Some fun Theater
From the rec.arts.theatre newsgroup FAQ:
“Francis Hodge published an article about this in THEATRE SURVEY
in the late 1960’s. “Theater” is a result of Noah Webster’s efforts
in the 1830s to create an American language purified of English
spellings: that’s when we lost “colour” “centre” and a lot of other
words that Noah deemed to be too British for the new American
democracy. Since the American theatre/theater at the time was still
dominated by British actors and managers, along with American actors
and managers trying to suggest that theater/theatre was a high class
art, the practitioners rather stubbornly clung to the British
spelling. There have been a lot of attempts to differentiate usage
ever since, but whatever the market or editor or style sheet will
accept will work.”
(The artistic community seems to have gravitated toward labeling the venue a Theater, while the art form is considered to be Theatre.

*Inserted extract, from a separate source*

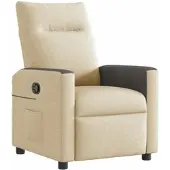 vidaXL Fauteuil verstelbaar stof crèmekleurig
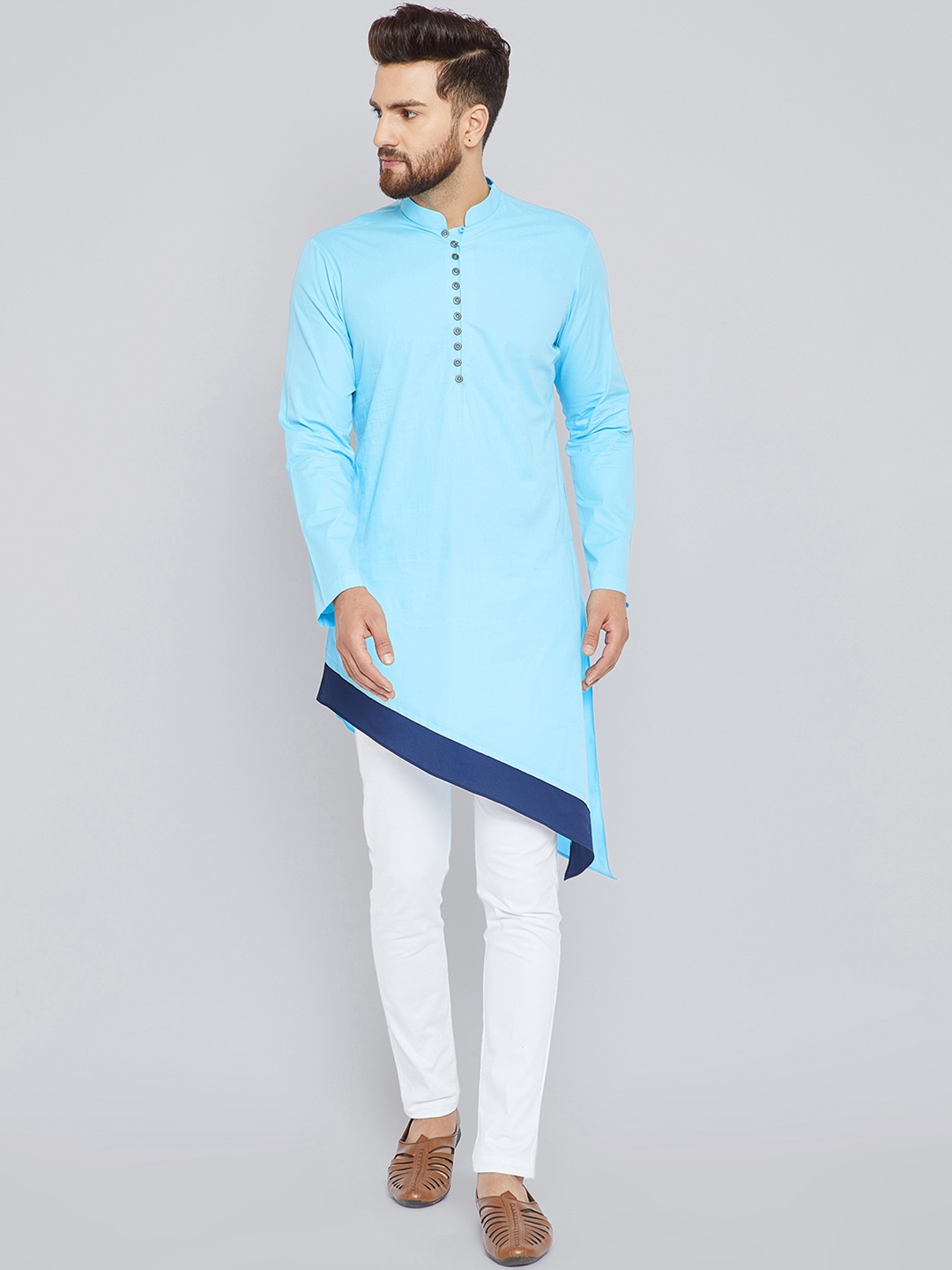 

See Designs Men Turquoise Blue Solid Asymmetric A-Line Kurta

Thus, the title of this page—Theatreer—which covers both)
In is down, down is front
Out is up, up is back
Off is out, on is in
And of course-
Left is right and right is left
A drop shouldn’t and a
Block and fall does neither
A prop doesn’t and
A cove has no water
Tripping is OK
A running crew rarely gets anywhere
A purchase line buys you nothing
A trap will not catch anything
The gridiron has nothing to do with football
Strike is work (In fact a lot of work)
And a Green Room, thank god, usually isn’t
Now that you’re fully versed in Theatrical terms,
break a leg!
. . . but not really.
Grasp the true nature of theatreer with selected excerpts from:
Eternity—The time that passes between a dropped cue and the next line.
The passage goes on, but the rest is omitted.